WHAT YOU HAVE TO DO.
Begin with the line containing "Joyful asian young-adult", end with the last line of the records, and retype everything in between exactly, without the pictures.

EXERCISE MATERIALS.
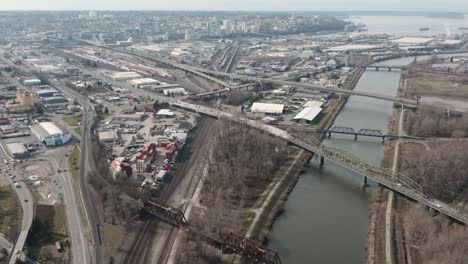 Aerial-View-Of-Bridges-Spanning-Across-Puyallup-River-At-The-Port-Of-Tacoma-In-Washington---drone-shot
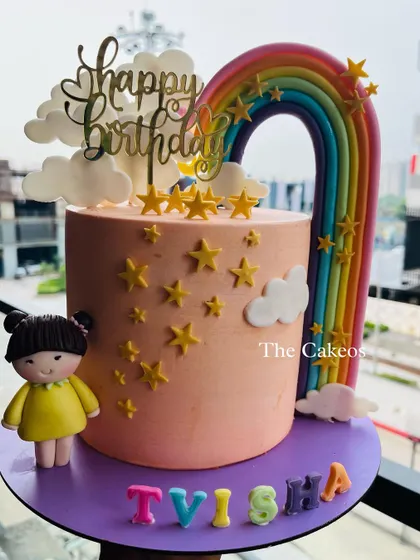 A tall and elegant cake with a rainbow and doll topper. The peach-colored cake is decorated with stars and clouds for a dreamy birthday theme.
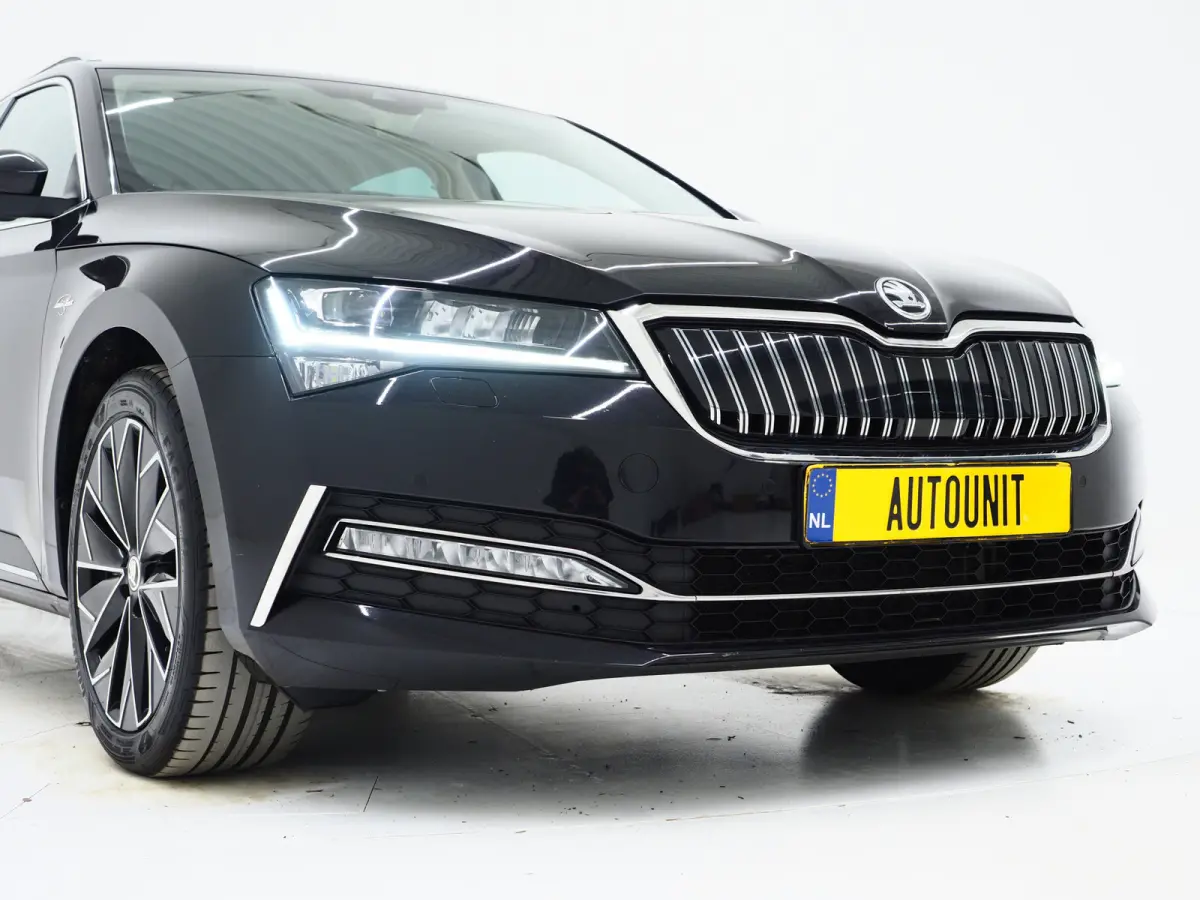 1.4 TSI iV Laurin & Klement | Leder | Trekhaak | Canton | Adaptive Cruise | Keyless | Sfeerlicht | Memory | Carplay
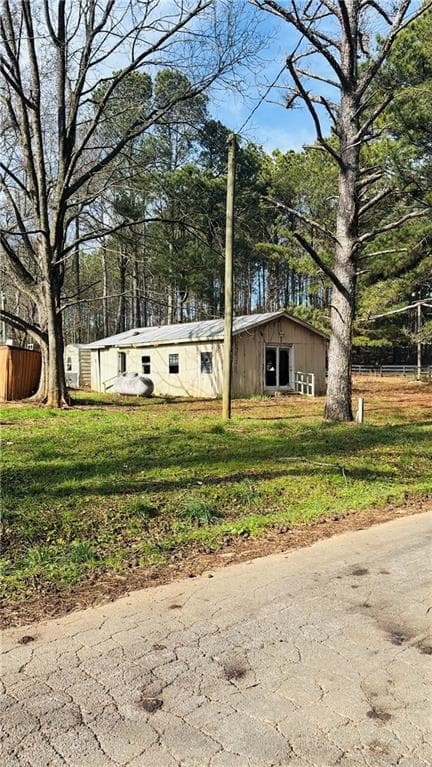 3 bedroom, 2 bathroom, 1,680 sq ft single family residence for sale at 508 Mckibben Road, Buchanan, GA 30113 — photo 2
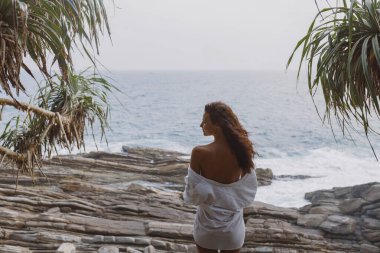 Beyaz gömlekli genç bir kadın kayalık Sri Lanka sahilinden okyanus dalgalarını seyrediyor. Kavramsal yaşam tarzı, seyahat, rahatlama ve özgürlük teması, refah, promosyon veya yayın için ideal.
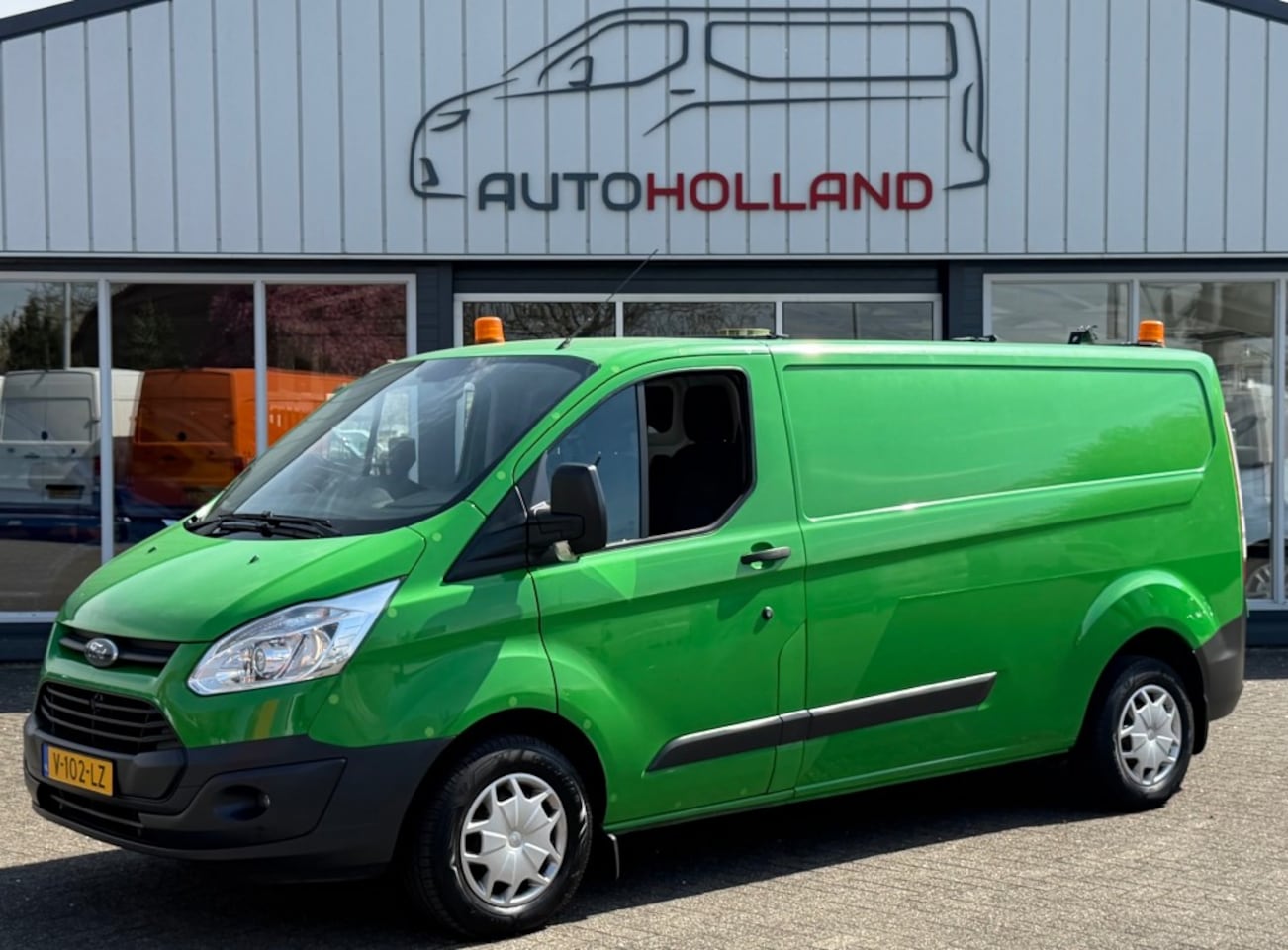 Ford Transit Custom - 2.0 TDCI 77KW 105PK L2H1 EURO 6 AIRCO/ CRUISE CONTROL/ CAMERA/ 100% DEALERONDERHOUDEN - AutoWereld.nl
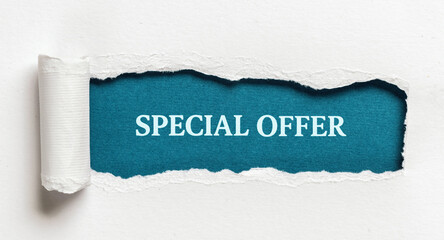 Special offer message in white text on torn paper with blue background for sale marketing discount...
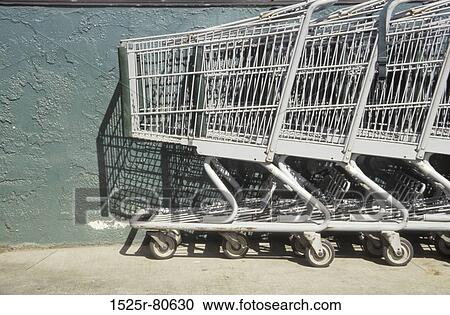 Close-up of shopping carts in a row View Large Photo Image Stock Image - Close-up of shopping carts in a row. Fotosearch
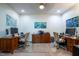 Bright home office features dual desks, a central storage unit, and overhead lighting at 150 Red Admiral Ct, Hillsborough, NC 27278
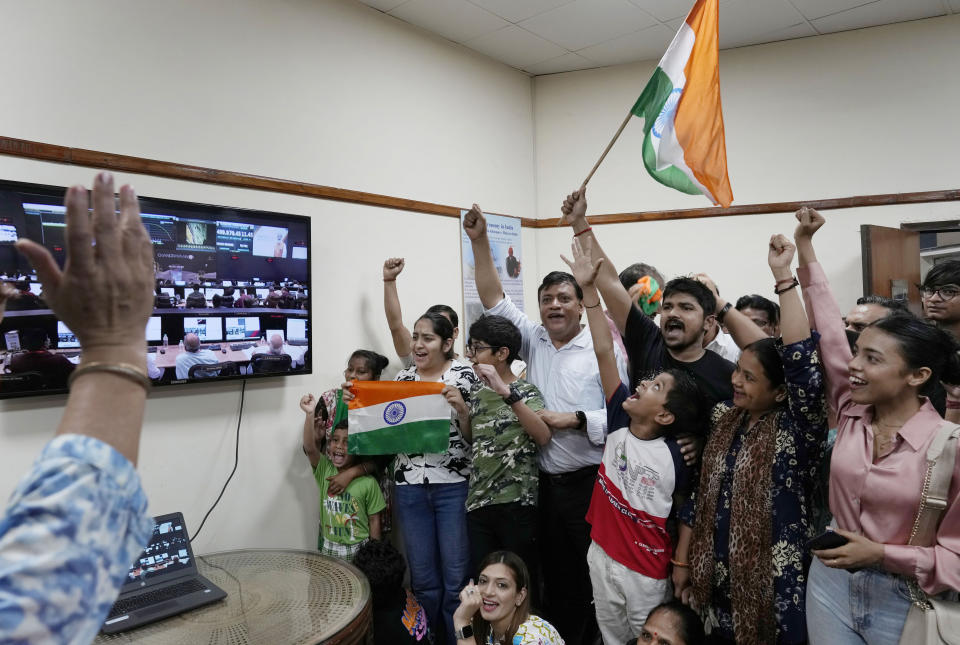 Indians celebrate the successful landing of Chandrayaan-3, or “moon craft” in Sanskrit, at the Nehru Planetarium in New Delhi, India, Wednesday, Aug. 23, 2023. India has landed a spacecraft near the moon’s south pole, an unchartered territory that scientists believe could hold vital reserves of frozen water and precious elements, as the country cements its growing prowess in space and technology. (AP Photo/Manish Swarup)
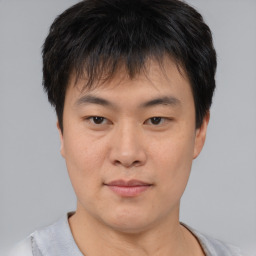 Joyful asian young-adult male with short  brown hair and brown eyes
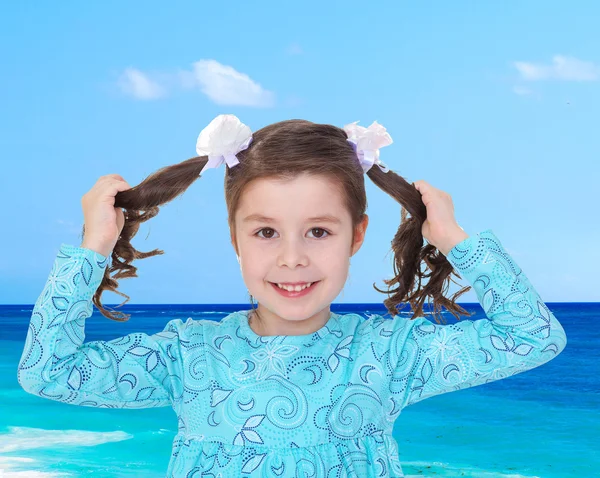 Cheerful charming girl tugged at his braids while on holiday — Stock Photo, Image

WRITTEN SOLUTION.
 Joyful asian young-adult male with short  brown hair and brown eyes
 Cheerful charming girl tugged at his braids while on holiday — Stock Photo, Image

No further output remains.